Films by young directors and foreign filmmakers working in Poland, intriguing animations, shorts, moving documentaries, and feature dramas – here are the best debut films of 2013
Still from the film Ab Ovo, dir. Anita Kwiatkowska-Naqvi, photo: Młodzi i Film.
Films by young directors and foreign filmmakers working in Poland, intriguing animations, shorts, moving documentaries and feature dramas – here are the best debut films of 2013.
1. Mazurek, Julia Kolberger
Still from the film Mazurek, dir. Julia Kolberger, photo: Michał Panasiuk/Studio Munka
Urszula (Kinga Preis) is preparing for Easter breakfast. Her daughter (Marta Juras), who is studying in the U.K., is bringing her fiancé home for the holidays. Problems arise when the family discovers he is 30 years her senior. A family squabble gives rise to an avalanche of accusations, breakfast turns into dinner, and Urszula faces the worst day of her life. This debut 30-minute film by Julia Kolberger is a story about a family in which everyone hides a shameful secret.

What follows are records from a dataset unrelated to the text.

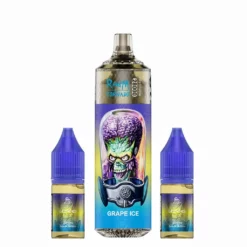 Fumot Tornado 28K Puffs Refillable Pod Kit – Mesh Coil, TPD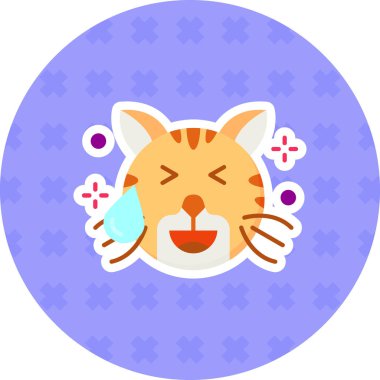 İçi doldurulmuş emoji simgesi - özet biçimi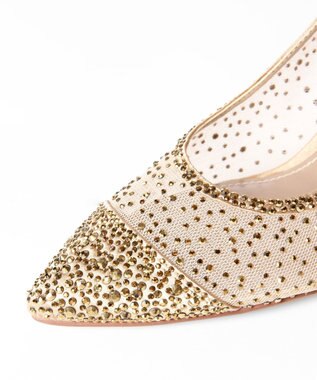 ラインストーンチュールパンプス / GRACE CONTINENTAL | GRACE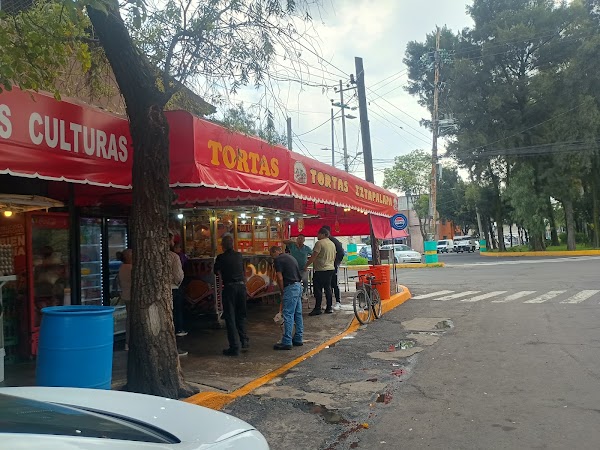 Super tortas Iztapalapa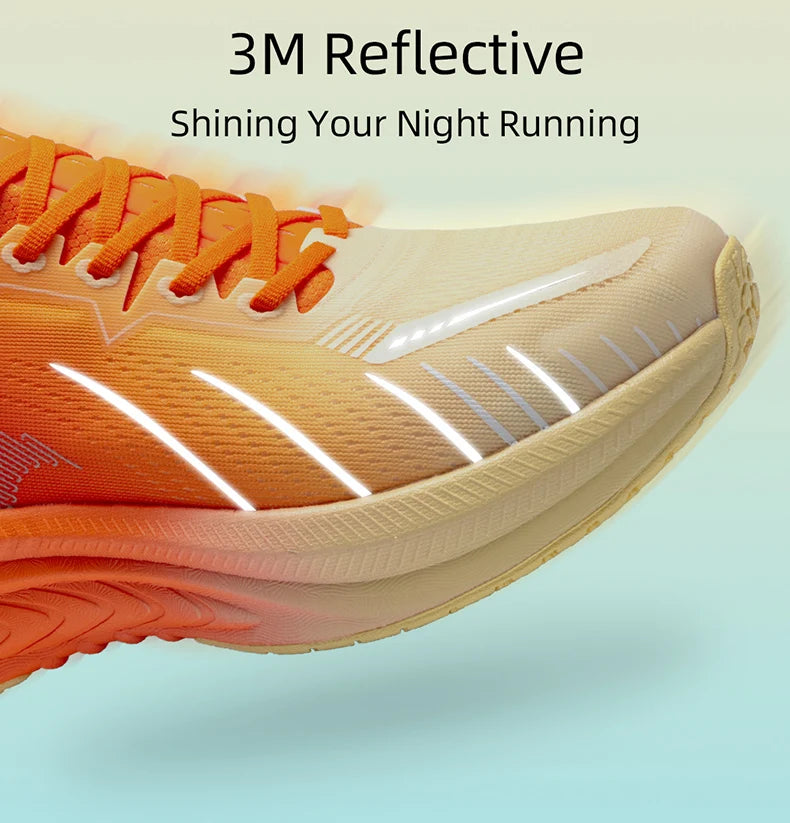 ONEMIX Neue Laufschuhe mit Dämpfung für Herren, geeignet für intensive Läufer, Schnürschuhe, Sportschuhe für Damen, rutschfeste Outdoor-Sportschuhe für Herren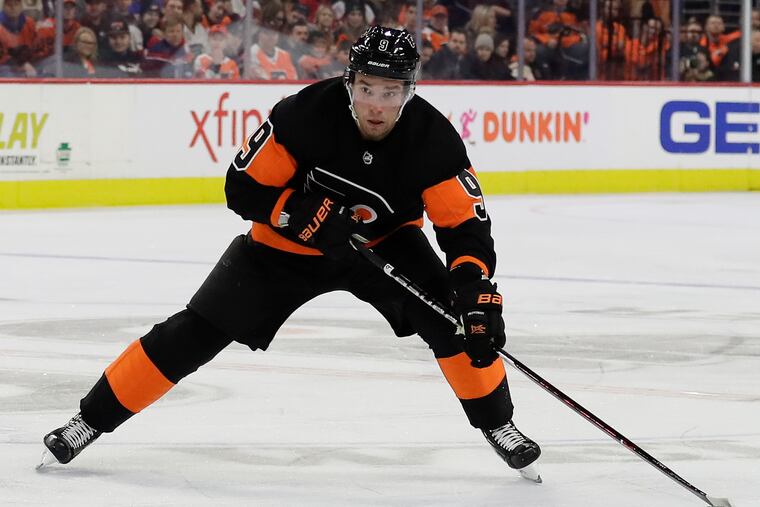 Defenseman Ivan Provorov will be wearing orange and black for another six years.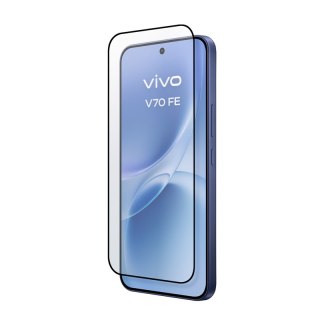 Crong 3D Armour Glass Lite - Hartowane szkło Full Glue do Vivo V70 FE 5G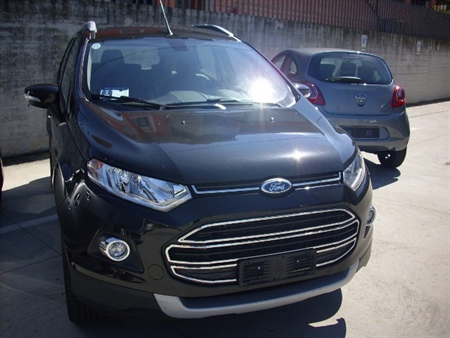 Nuova crossover in casa Ford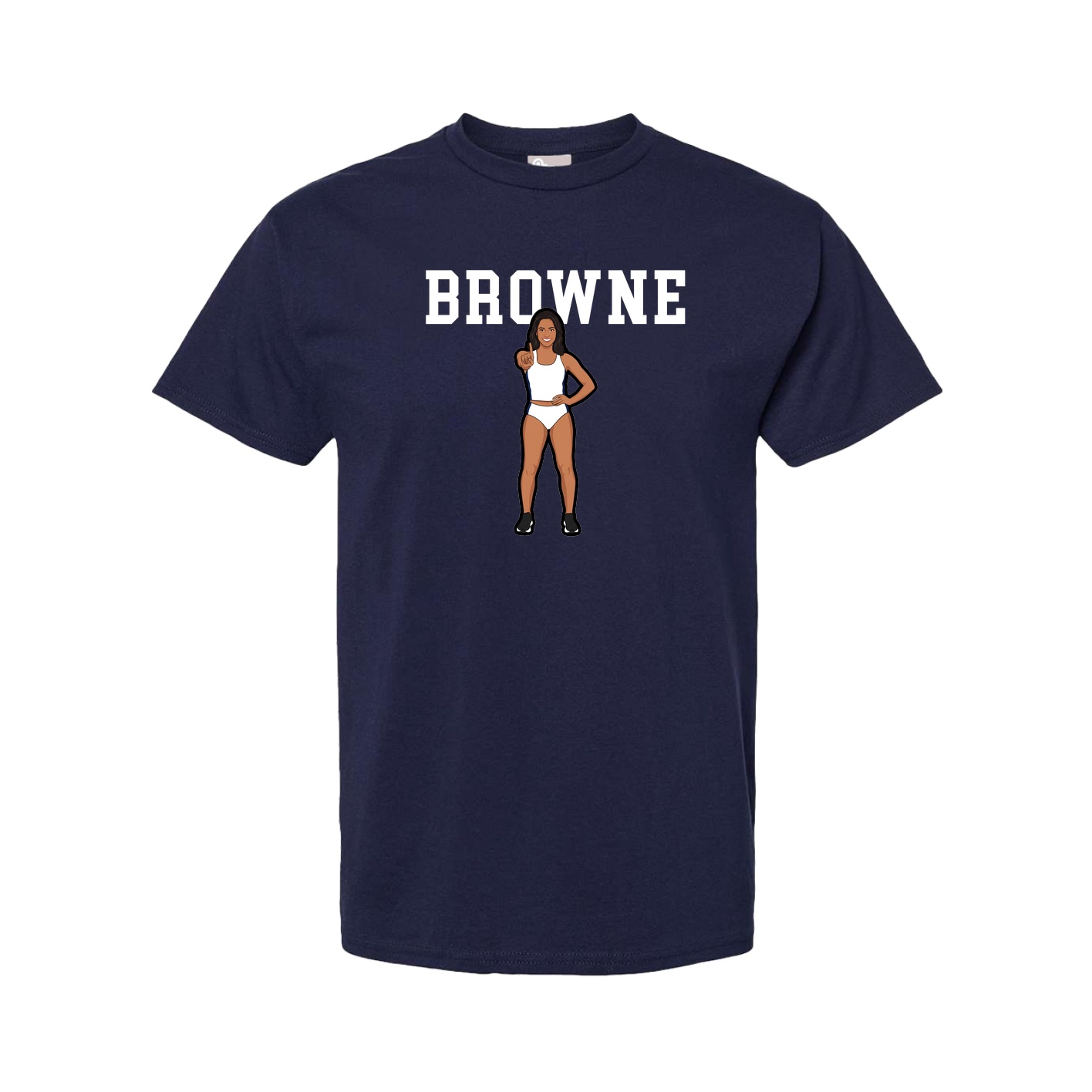 Youth Tee — Shirsey in Navy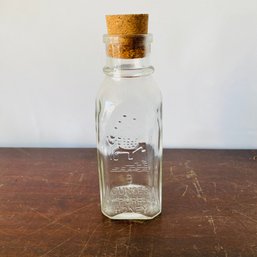 Pure Honey Bottle With Cork (empty)
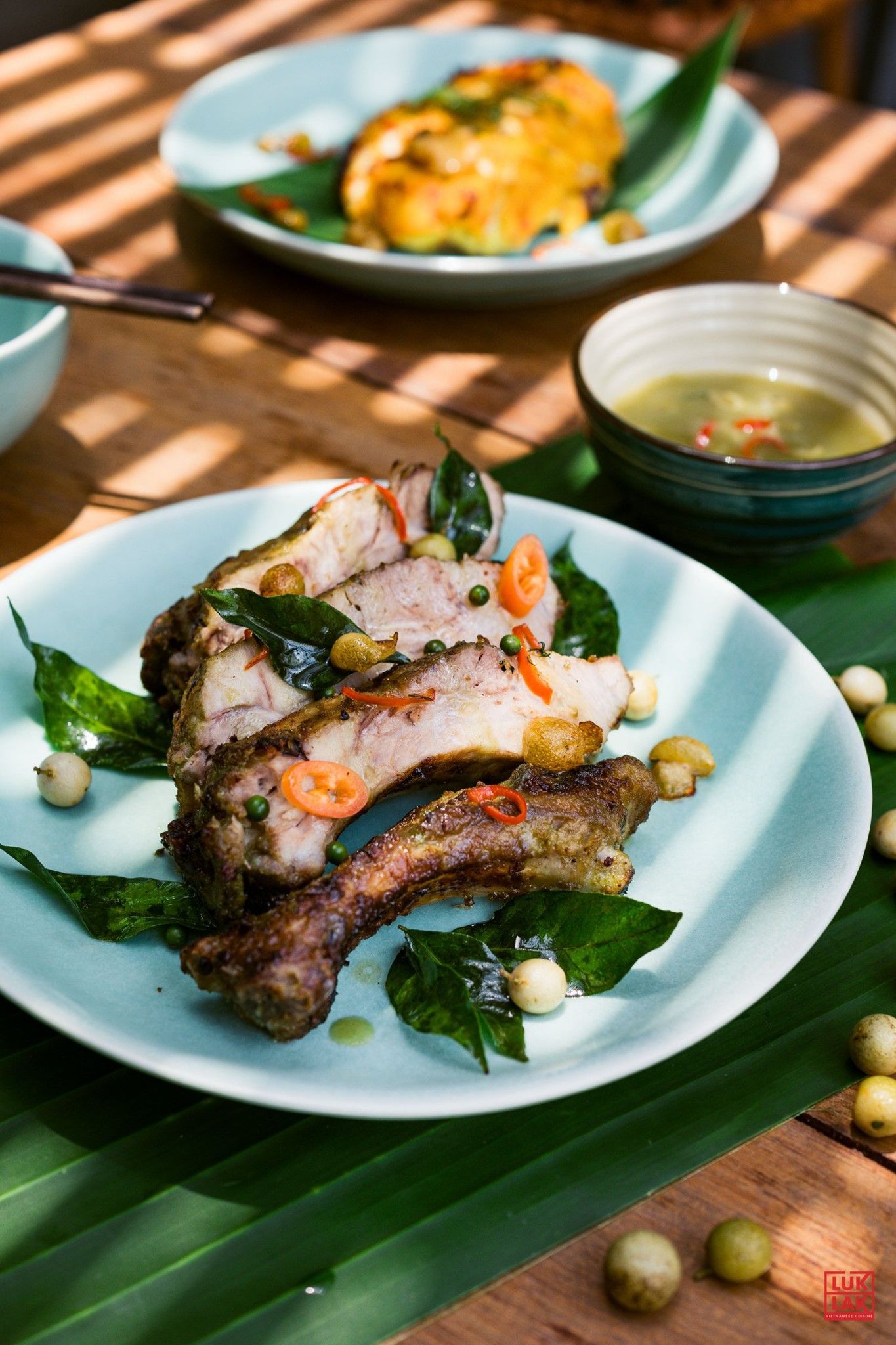 Luk Lak Vietnamese - Lê Thánh Tông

2. Flying Blind / Zaślepiona, Katarzyna Klimkiewicz
In her 40s, Frankie (Helen McCrory) leads a well-rounded life. As an engineer, she oversees the construction of unmanned fighter craft. One day she meets Kahil (Najib Oudghiri), a young French-Algerian student who is suspected of having ties with terrorists. Katarzyna Klimkiewicz’s film was made as part of a program organized by the city of Bristol to support young filmmakers. Despite her limited budget, the director created a full-blooded erotic thriller the likes of which Polish cinema has not seen for many years.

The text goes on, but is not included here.